14. Orange. In the space of about an hour, Dana Holgorsen's evisceration of Clemson went from thrilling to discomfiting to boring to morbidly fascinating to -- once we all realized the Mountaineers weren't going to hit triple digits -- back to boring again. Not every game that hits 100 points is one for the DVD vaults, as it turns out.

15. Liberty. Give me Cincinnati defeating Vanderbilt in surprisingly convincing, mildly entertaining fashion or give me death! (Actually, we've got that first thing already, so no need to worry about providing the second, thanks.)

16. Chick-Fil-A. For 2.5 quarters, this was a delightful shootout with all the requisite trickery you'd hope for from a game involving Gus Malzahn. Then Virginia remembered that it was not only Virginia, but proud ACC member Virginia, and the fun was over.

17. Meineke Car Care.

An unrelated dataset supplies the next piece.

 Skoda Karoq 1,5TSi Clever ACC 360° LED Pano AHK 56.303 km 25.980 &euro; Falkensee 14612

Seriously, Texas A&M, we didn't tune in to see you only flirt with blowing a huge lead against a team that hasn't won a bowl game since approximately the Grover Cleveland administration.

18. Capital One. This game featured an abundance of must-watch plays -- Alshon Jeffery catching a  bomb, Alshon Jeffery hauling in a half-ending Hail Mary, Alshon Jeffery getting ejected for fighting -- but aside from, well, Alshon Jeffery, there wasn't much to it.

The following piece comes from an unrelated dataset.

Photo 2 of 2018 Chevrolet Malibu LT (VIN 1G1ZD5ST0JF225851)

19. Cotton Bowl. The 15 seconds of Joe Adams' punt return, the 10 seconds of Jarius Wright's touchdown, and the 5 minutes when it looked like Kansas State might mount yet another smashing comeback were riveting stuff. The other 54:35? Not so much.

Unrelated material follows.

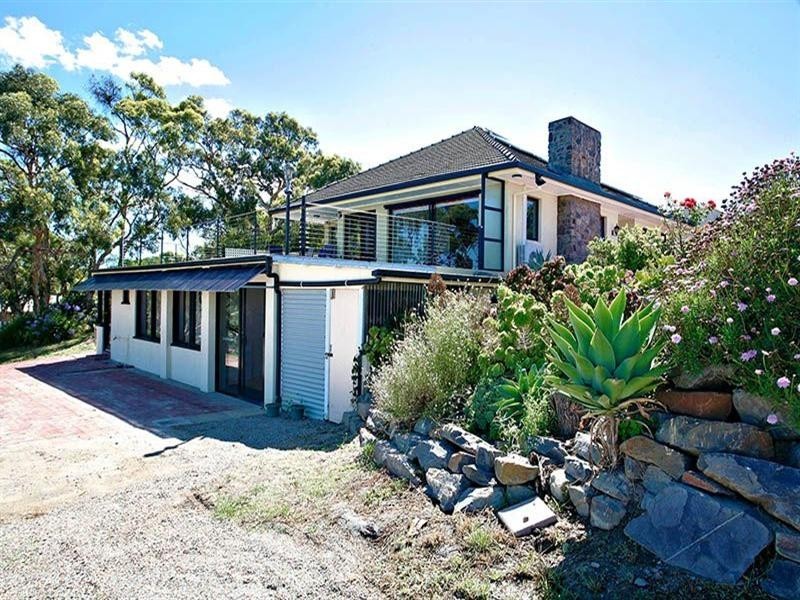 17 Lawson Street, Victor Harbor SA 5211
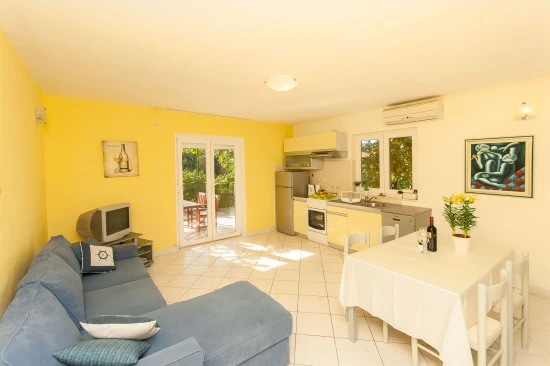 Apartmán Střední Dalmácie - Okrug Gornji DA 7573 N3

20. BCS National Championship. A great game, if you're the sort of fan who enjoys watching nature shows where a pride of lions tear a wildebeest to pieces because the wildebeest can't complete a downfield pass to save its life.

21. TicketCity. If he'd stuggled, he'd have been called a fraud; because he ripped Penn State's D into tiny shreds, no one paid attention. Which is why we're working on a sitcom pilot right now called Case Keenum Can't Win.

22. Gator. When one team's special teams scores just one fewer touchdown than the two offenses combined (as Florida's did), it's safe to say you're not watching a classic.

23. GoDaddy.com. Thanks to a 31-0 run from Northern Illinois, what was expected to be a nailbiting shootout ended up the biggest disappointment since that "unrated web content" we checked out.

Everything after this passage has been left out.